As noted on the Clean Air Branch of the State of Hawaii Department of Health’s web page, “[a]t most times and in most places in Hawaii, we enjoy some of the best air quality in the nation.” This is, of course, because of the islands location in the middle of the Pacific Ocean and the fact that Trade Winds are the most common kinds of wind patterns over the islands throughout most of the year. And yet, between anthropogenic and natural sources, there are more poor air quality days in Hawaii then one would expect. Hawai’i county in 2008 was the 7th worst U.S. county in terms of number of unhealthy days, affecting mostly in low density populated areas. Even Honolulu, which is ranked among the best metropolitan areas in the country for air quality overall must be noted with poor days, particularly with respect to particulates in the PM2.5 range.

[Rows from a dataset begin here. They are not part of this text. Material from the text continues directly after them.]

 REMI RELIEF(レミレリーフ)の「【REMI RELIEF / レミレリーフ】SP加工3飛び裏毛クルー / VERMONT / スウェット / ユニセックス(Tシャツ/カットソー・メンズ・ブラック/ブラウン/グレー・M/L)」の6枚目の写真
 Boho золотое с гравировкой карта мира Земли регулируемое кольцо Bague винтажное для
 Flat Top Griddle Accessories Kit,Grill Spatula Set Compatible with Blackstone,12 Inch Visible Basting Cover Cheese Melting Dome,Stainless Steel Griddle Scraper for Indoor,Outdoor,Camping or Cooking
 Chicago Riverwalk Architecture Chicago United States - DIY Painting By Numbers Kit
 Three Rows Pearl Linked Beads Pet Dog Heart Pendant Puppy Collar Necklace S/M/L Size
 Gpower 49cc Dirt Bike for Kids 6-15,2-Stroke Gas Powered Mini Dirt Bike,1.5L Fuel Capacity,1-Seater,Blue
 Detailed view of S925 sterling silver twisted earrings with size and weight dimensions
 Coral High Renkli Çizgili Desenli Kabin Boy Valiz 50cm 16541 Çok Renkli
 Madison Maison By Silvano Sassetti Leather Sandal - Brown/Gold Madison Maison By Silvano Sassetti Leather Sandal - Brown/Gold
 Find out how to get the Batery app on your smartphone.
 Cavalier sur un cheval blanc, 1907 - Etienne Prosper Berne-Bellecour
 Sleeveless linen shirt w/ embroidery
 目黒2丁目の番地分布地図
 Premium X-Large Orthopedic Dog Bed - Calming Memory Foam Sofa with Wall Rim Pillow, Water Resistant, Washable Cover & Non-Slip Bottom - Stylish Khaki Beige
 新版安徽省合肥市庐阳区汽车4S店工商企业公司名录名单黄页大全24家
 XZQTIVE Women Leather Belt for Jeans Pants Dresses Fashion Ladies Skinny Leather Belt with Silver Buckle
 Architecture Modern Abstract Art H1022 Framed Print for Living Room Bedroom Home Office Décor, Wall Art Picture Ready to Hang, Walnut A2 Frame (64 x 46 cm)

While there are anthropogenic contributors, the most famous point-source villain in the air quality story of Hawaii must be the very active volcano on the Big Island. Kilauea on the Big Island of Hawaii
has been in continuous eruption since 1983. Daily emissions may contain about 2000 metric tons of sulfur dioxide and aerosol sulfates, but also include about 1 ton of heavy metals, including lead and mercury.
With Kona winds in winter months, the emissions from Kilauea reach Oahu (e.g. this article from the Honolulu Advertiser in 2004), and the air acquires the typical haze one would normally associate with some U.S. mainland cities like Los Angeles.